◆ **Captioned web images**

----------------------------------------

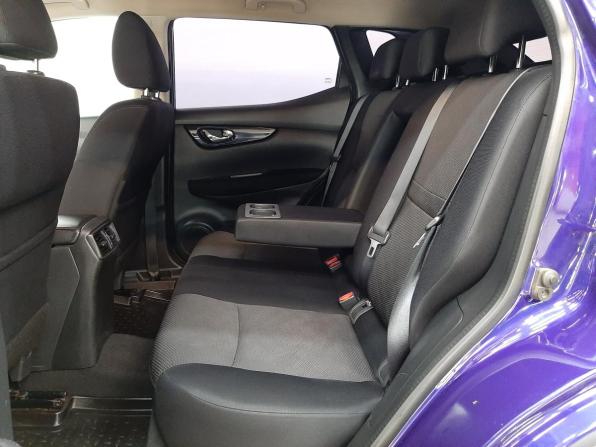 Nissan Qashqai II с пробегом 2016 года, цена 1 549 000 рублей, 120445 км, внедорожник, Автокод Объявления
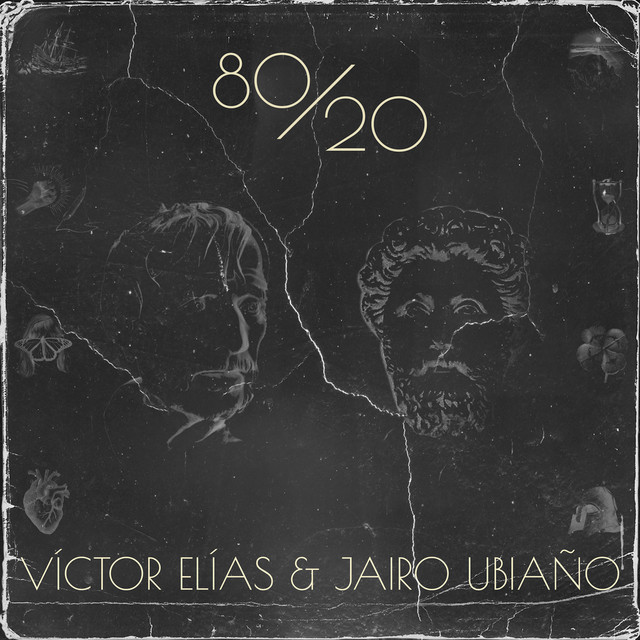 80/20 cover art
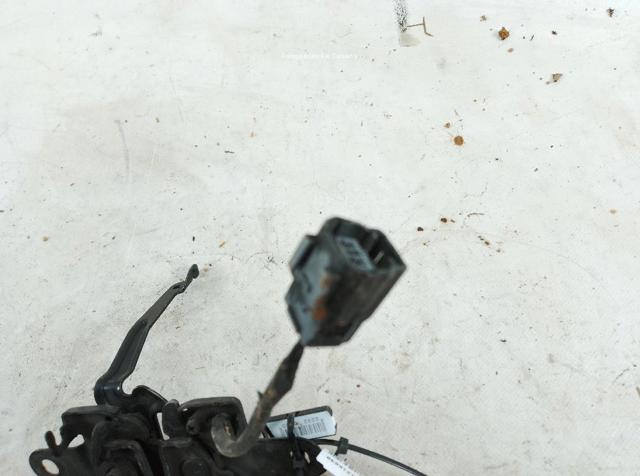 Zamek maski Mazda CX-5 1 KE, GH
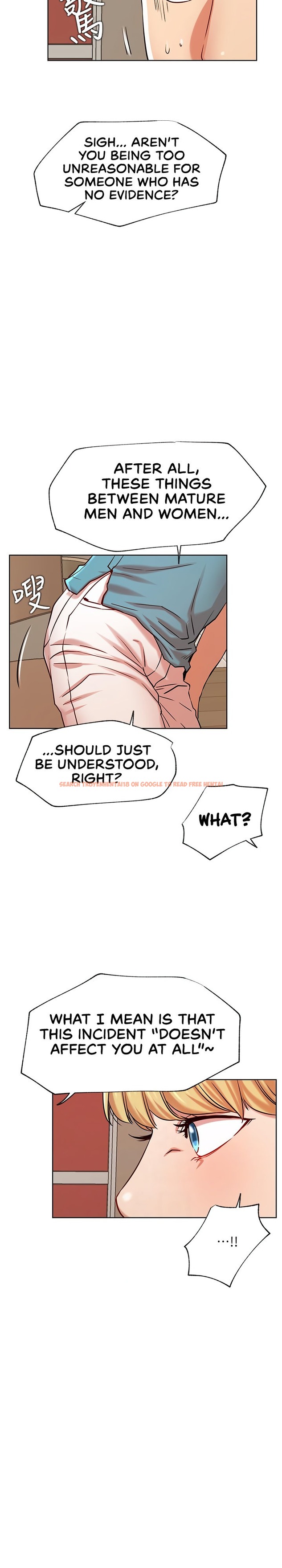 Read Hentai Image 15 014 in comic Live With : Do You Want To Do It? - Chapter 42 - www.hentaitnt.net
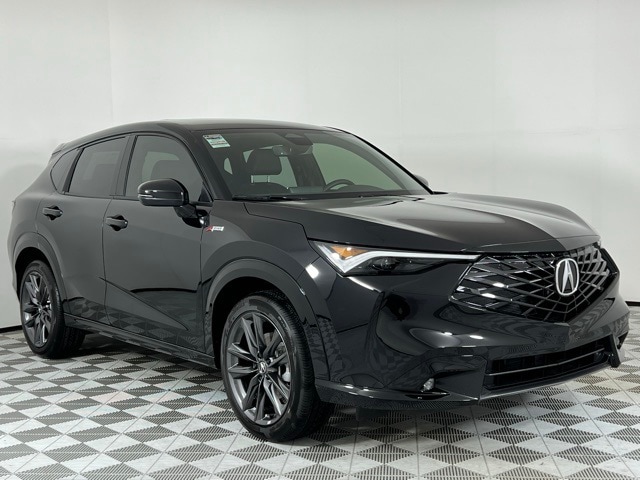 2025 Acura ADX A-Spec Package's photo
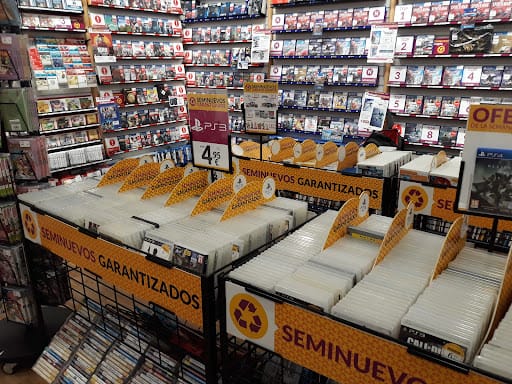 GAME Faro: videojuegos y tecnología en Badajoz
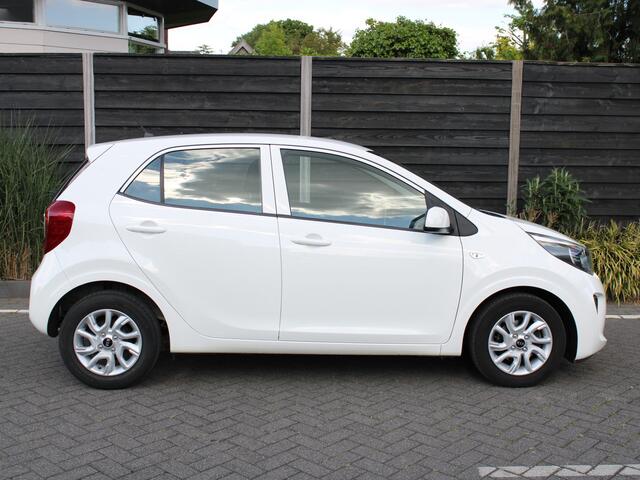 KIA PICANTO 1.0 CVVT 67PK EconomyPlusLine 5DRS Navigatie, Achteruitrijcamera, Apple Carplay, Android Auto, Airco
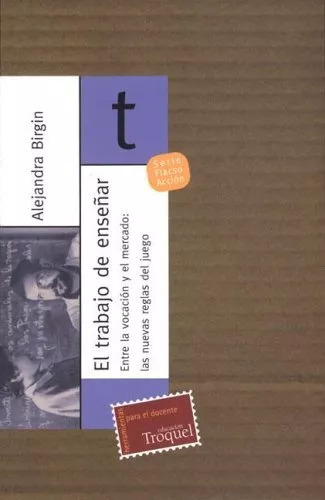 LIBRO EL TRABAJO DE ENSENAR (SPANISH EDITION) - JOHN CRABTREE - 1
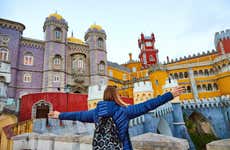 Tour por los palacios reales de Sintra y Lisboa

----------------------------------------

Give every record again exactly, apart from the pictures, which stay out.

◆ **WRITTEN REPLY**
 Nissan Qashqai II с пробегом 2016 года, цена 1 549 000 рублей, 120445 км, внедорожник, Автокод Объявления
 80/20 cover art
 Zamek maski Mazda CX-5 1 KE, GH
 Read Hentai Image 15 014 in comic Live With : Do You Want To Do It? - Chapter 42 - www.hentaitnt.net
 2025 Acura ADX A-Spec Package's photo
 GAME Faro: videojuegos y tecnología en Badajoz
 KIA PICANTO 1.0 CVVT 67PK EconomyPlusLine 5DRS Navigatie, Achteruitrijcamera, Apple Carplay, Android Auto, Airco
 LIBRO EL TRABAJO DE ENSENAR (SPANISH EDITION) - JOHN CRABTREE - 1
 Tour por los palacios reales de Sintra y Lisboa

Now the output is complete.